Task statement: The expected output is exactly the lines below, starting at the line with "Originile primei mașini" and ending at the line with "A la vente à", both included; no other line belongs in it.

Data for analysis:
──────────────────────────────
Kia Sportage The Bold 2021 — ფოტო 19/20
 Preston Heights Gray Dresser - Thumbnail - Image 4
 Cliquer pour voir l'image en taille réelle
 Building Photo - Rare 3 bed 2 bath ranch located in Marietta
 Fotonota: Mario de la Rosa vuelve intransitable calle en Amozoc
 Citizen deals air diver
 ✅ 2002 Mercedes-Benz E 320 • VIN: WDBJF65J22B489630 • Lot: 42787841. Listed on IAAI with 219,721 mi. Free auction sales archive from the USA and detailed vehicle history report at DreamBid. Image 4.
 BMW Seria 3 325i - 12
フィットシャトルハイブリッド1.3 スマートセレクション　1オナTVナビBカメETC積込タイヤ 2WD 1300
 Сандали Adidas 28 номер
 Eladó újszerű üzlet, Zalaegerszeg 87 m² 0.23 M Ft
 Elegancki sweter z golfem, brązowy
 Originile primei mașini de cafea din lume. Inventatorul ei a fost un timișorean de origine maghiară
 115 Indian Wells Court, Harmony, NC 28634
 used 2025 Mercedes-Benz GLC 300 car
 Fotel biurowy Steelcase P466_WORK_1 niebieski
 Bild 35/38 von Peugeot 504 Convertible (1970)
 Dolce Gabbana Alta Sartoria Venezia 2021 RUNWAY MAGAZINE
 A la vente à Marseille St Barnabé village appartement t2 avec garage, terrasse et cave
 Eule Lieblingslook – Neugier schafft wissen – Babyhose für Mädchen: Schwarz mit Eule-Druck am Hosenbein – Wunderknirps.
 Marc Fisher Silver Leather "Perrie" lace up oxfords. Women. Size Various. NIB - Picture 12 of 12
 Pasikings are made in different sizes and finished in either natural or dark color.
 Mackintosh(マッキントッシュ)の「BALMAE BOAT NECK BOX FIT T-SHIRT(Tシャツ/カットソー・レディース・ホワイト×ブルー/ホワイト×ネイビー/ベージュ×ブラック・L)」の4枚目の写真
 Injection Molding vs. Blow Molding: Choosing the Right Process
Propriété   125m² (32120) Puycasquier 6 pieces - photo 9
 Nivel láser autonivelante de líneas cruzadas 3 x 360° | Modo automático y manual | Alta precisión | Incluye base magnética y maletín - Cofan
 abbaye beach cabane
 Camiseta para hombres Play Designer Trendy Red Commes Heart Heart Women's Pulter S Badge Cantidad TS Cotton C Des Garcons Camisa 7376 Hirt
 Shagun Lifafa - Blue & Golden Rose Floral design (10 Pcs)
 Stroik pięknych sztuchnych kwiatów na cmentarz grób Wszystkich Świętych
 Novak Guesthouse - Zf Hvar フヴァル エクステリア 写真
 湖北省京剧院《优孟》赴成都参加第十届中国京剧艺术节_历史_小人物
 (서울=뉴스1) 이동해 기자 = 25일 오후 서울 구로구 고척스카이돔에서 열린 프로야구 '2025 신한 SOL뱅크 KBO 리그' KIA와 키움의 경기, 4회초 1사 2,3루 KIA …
──────────────────────────────
Task response:
 Originile primei mașini de cafea din lume. Inventatorul ei a fost un timișorean de origine maghiară
 115 Indian Wells Court, Harmony, NC 28634
 used 2025 Mercedes-Benz GLC 300 car
 Fotel biurowy Steelcase P466_WORK_1 niebieski
 Bild 35/38 von Peugeot 504 Convertible (1970)
 Dolce Gabbana Alta Sartoria Venezia 2021 RUNWAY MAGAZINE
 A la vente à Marseille St Barnabé village appartement t2 avec garage, terrasse et cave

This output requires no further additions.